Narrative and documentary elements

The film intercuts documentary footage with, predominantly, a narrative about a Yugoslav woman who seduces a Russian ice skater. Despite different settings, characters and time periods, the different elements produce a single story of human sexuality and revolution through a montage effect.

The main elements juxtaposed throughout the film are:

Wilhelm Reich

The main documentary part of the film focuses on Reich's work pioneering vegetotherapy and his treatment by the American government. These segments feature interviews with Eva and Peter Reich (Reich's children), practitioners of vegetotherapy, friends of Reich, and community members who recall dealings with Reich. Footage of vegetotheraphy in progress is also shown. Standard documentary techniques are used (flat interview photography, voice over, location shots minus characters). This plot fades towards the background as the film progresses.

Yugoslav narrative

Milena (played by Milena Dravić) and her roommate Jagoda (played by Jagoda Kaloper) are proponents of free sexuality and work democracy. Milena avoids her previous lover, the proletarian Radmilović (played by Zoran Radmilović) in order to court the Russian artist Vladimir Illych (played by Ivica Vidović). As Milena and Jagoda discuss freedom of sexuality as it relates to revolutionary freedom, Radmilovic pursues Milena by ripping down walls, to no avail.

Milena is a metaphor for the Yugoslavian working class's struggle for liberation against the totalising influence of Russian communist state. Milena is killed when her sexual encounter with Vladimir Illych (the representative of Russian communism) goes awry. (To make the parallel more obvious, the Russian artist is a full namesake of Lenin (Lenin's proper Russian name was Vladimir Illych). Also, during his speech on the abandoned ship's deck, he assumed a position typical of how Lenin was depicted in numerous statues of him.) He, unable to fully experience his orgasmic urge, beheads her with his ice skate which is the film's metaphor for revolutionary theory. Makavejev dooms self-determination of the Yugslavian people, and the struggle of people worldwide for true freedom, to the fate of being totalised by Russian state communism, and the quest for sexual freedom to be overshadowed by "red fascists".

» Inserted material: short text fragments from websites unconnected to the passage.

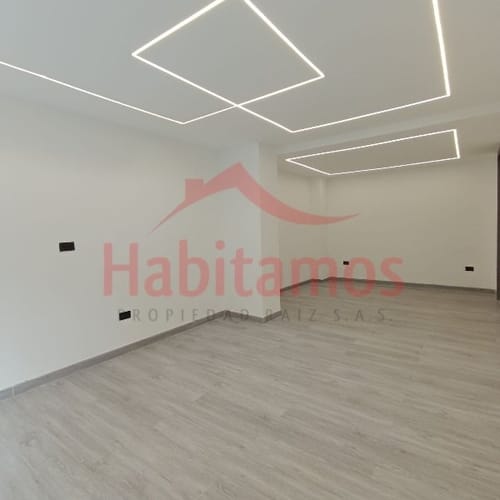 Local en arriendo en La Castellana, Medellín, 27 m² · foto 2 de 5
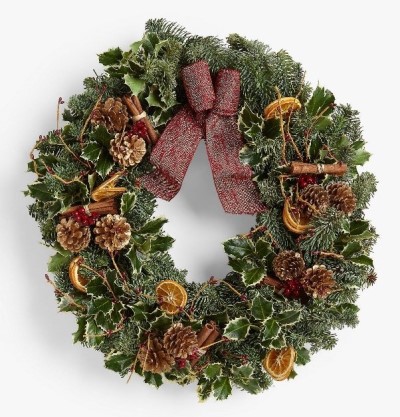 Christmas Wreath with fir cones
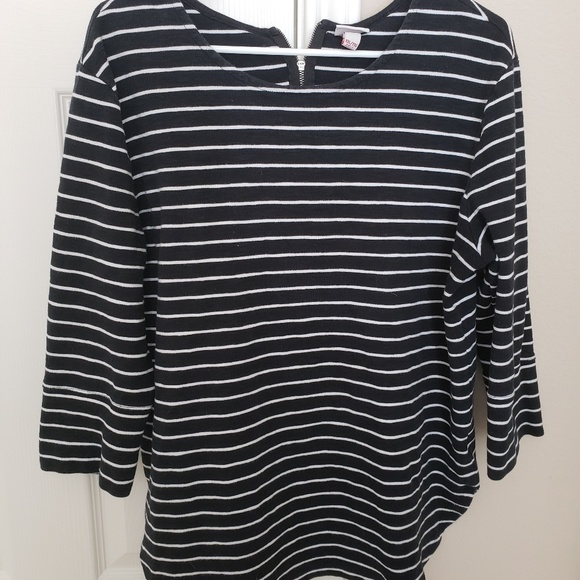 QUARTER SLEEVE BLOUSE | BLACK WITH WHITE STRIPES - Picture 1 of 4
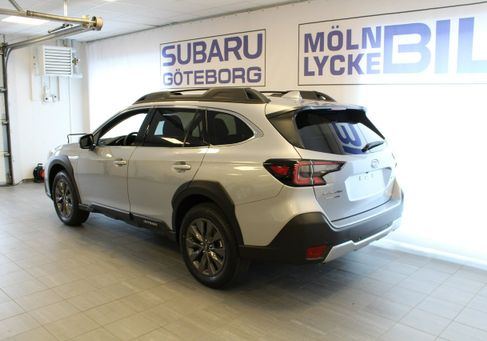 Subaru OUTBACK, 2025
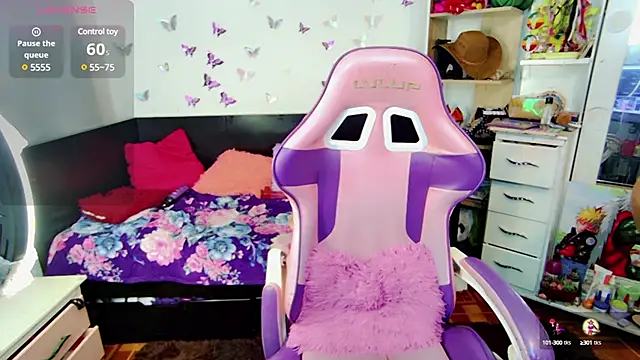 Snapshot of Naasha_ chatting on 14, 12, 2024 Naasha  online show from 14, 12, 2024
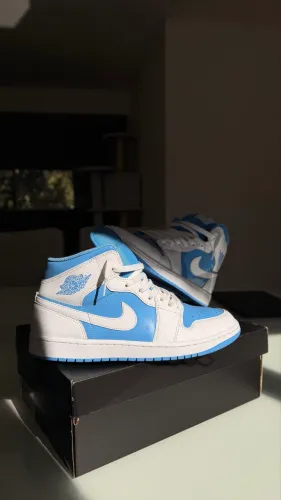 Jordan 1 MID SE White/Blue Legenda edição Limitada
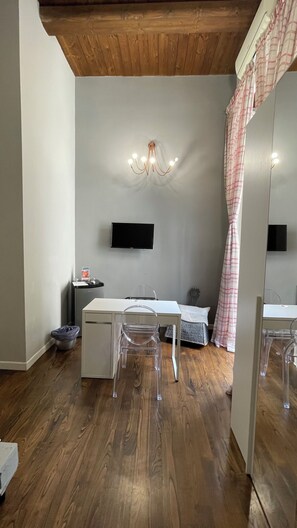 Dobbeltrom – comfort, bakgårdsutsikt | Dundyner, memory foam-senger, individuelt dekorert og skrivebord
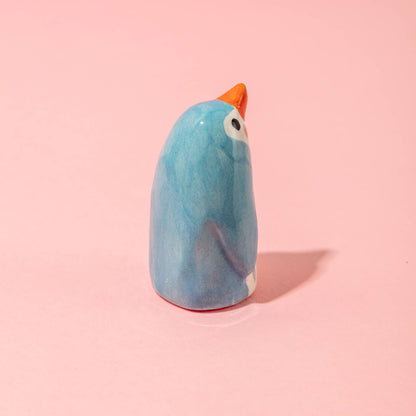 Ana Seixas - Baby Pinguin Blau / Keramikstück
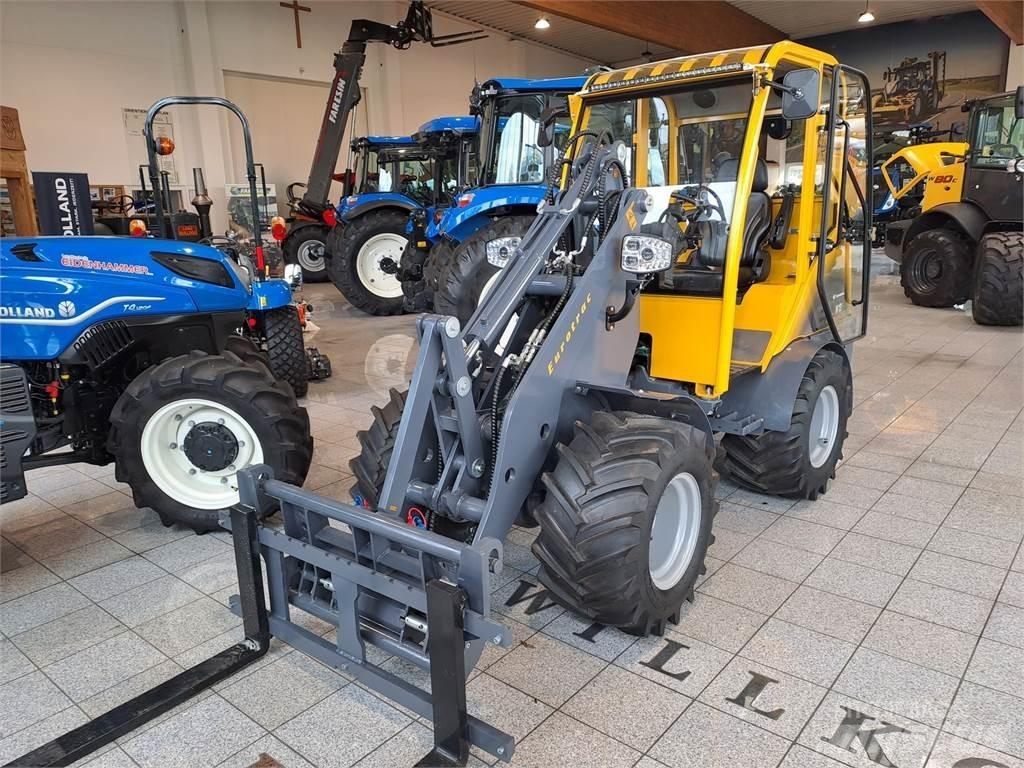 Eurotrac W 12 S Фронтальні навантажувачі та екскаватори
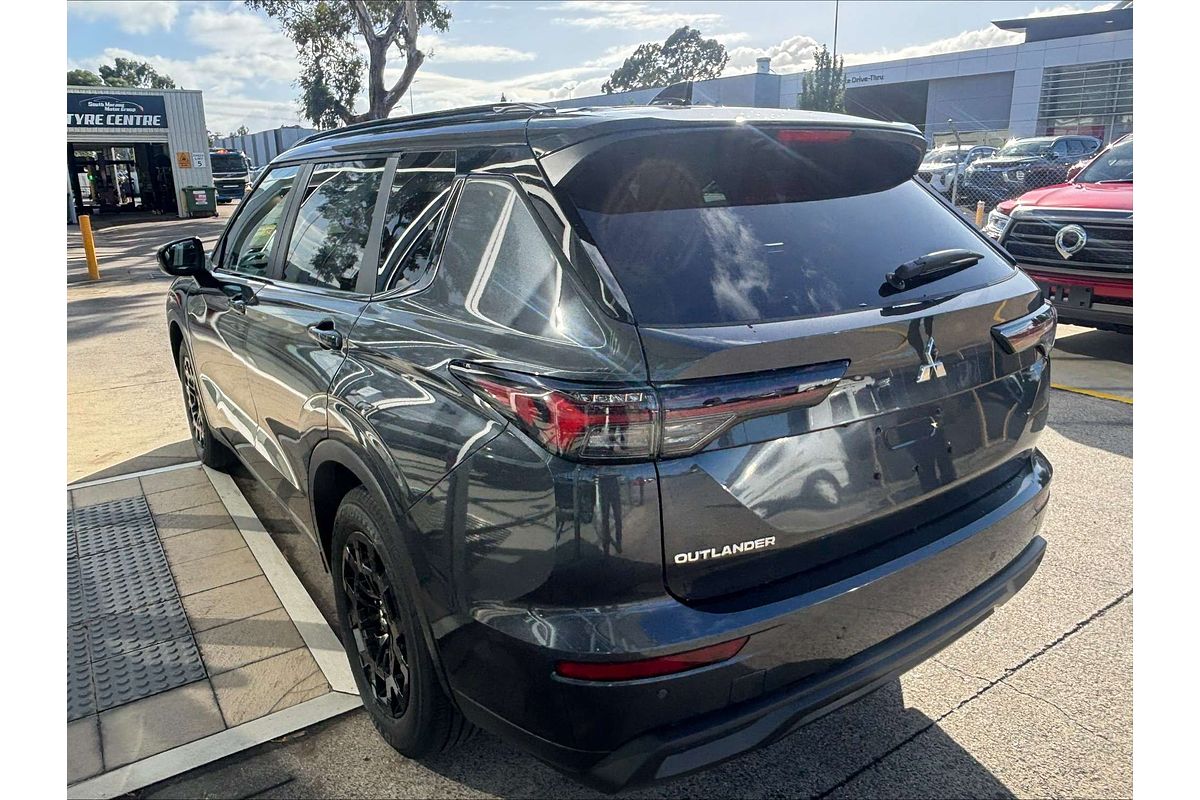 2026 Mitsubishi Outlander LS ZM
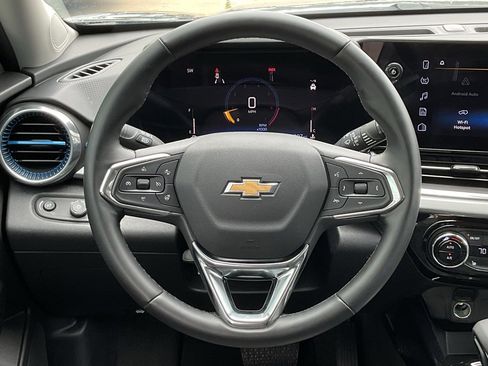 Used 2025 Chevrolet Trax LT w/ LT Convenience Package image 20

The song that Vladimir sings in Russian after Milena's murder at the end of the movie is called "François Villon's Prayer" by Bulat Okudzhava.

Tuli Kupferberg

Poet and performance artist Tuli Kupferberg, dressed as a soldier, parodies war and the sexual nature of man's fascination with guns by stalking affluent New Yorkers on the street and masturbating his toy rifle. As part of the climax of the film, the Kupferberg's gun masturbation is intercut with other orgasmic sequences.

Artists

Artist Betty Dodson discusses her experiences in drawing acts of masturbation, as well as her discussions within consciousness raising groups about female sexual response. The Dodson sequences are relatively straightforward documentary interviews; Dodson's large scale drawing of a man masturbating dominates the background of the shots.

Nancy Godfrey is an artist who makes a plaster cast (in the style of Cynthia Plaster Caster) of Jim Buckley's erect penis on film. This scene was a point of contention for the censors. On most prints Buckley's penis is covered with psychedelic colours added in editing.

Jackie Curtis

Jackie Curtis, one of Andy Warhol's entourage and occasional film star, is shown on the streets of New York.

Screw magazine

Screw is an "underground" magazine that often focused on sexual issues. The film only shows one scene of Screw magazine, where editors work in the nude.